__TASK DIRECTIONS__
Verbatim copy, images omitted: return the full listing.

__SOURCE MATERIAL__
------------------------------

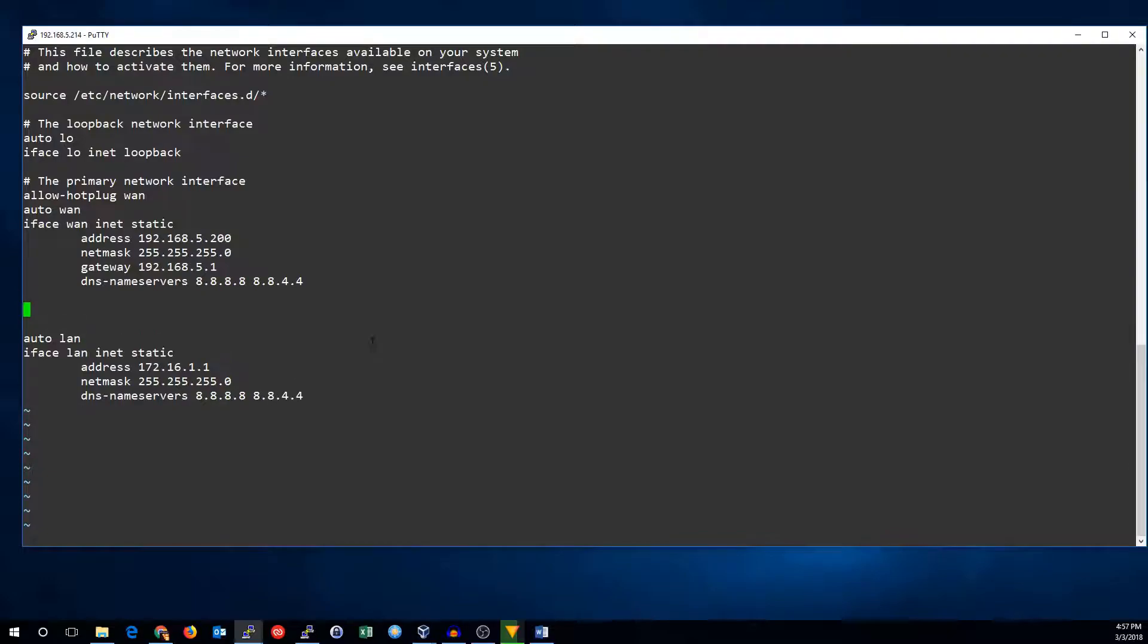So there's our first address. If we want to add a second one it's very simple. We pretty much do the exact same thing.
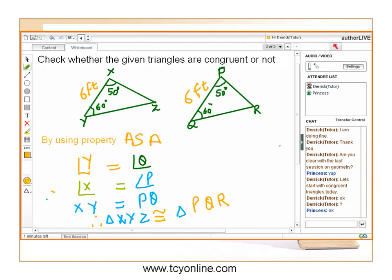Let's see an example to check whether given triangles are congruent or not. In triangle XYZ, angle X is equal to 50 degrees, angle Y is equal to 60 degrees, and side XY equals 6 feet. In triangle PQR, angle P equals 50 degrees, angle Q equals 60 degrees, and side PQ equals 6 feet.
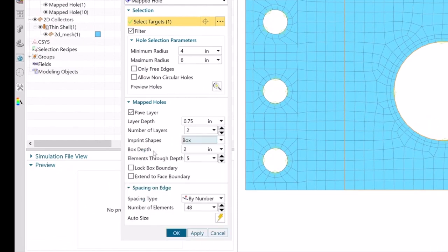Next, for the box option, we can define the depth of the box and the number of layers of elements that will be contained within the box.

------------------------------

__PROBLEM SOLUTION__
So there's our first address. If we want to add a second one it's very simple. We pretty much do the exact same thing.
Let's see an example to check whether given triangles are congruent or not. In triangle XYZ, angle X is equal to 50 degrees, angle Y is equal to 60 degrees, and side XY equals 6 feet. In triangle PQR, angle P equals 50 degrees, angle Q equals 60 degrees, and side PQ equals 6 feet.
Next, for the box option, we can define the depth of the box and the number of layers of elements that will be contained within the box.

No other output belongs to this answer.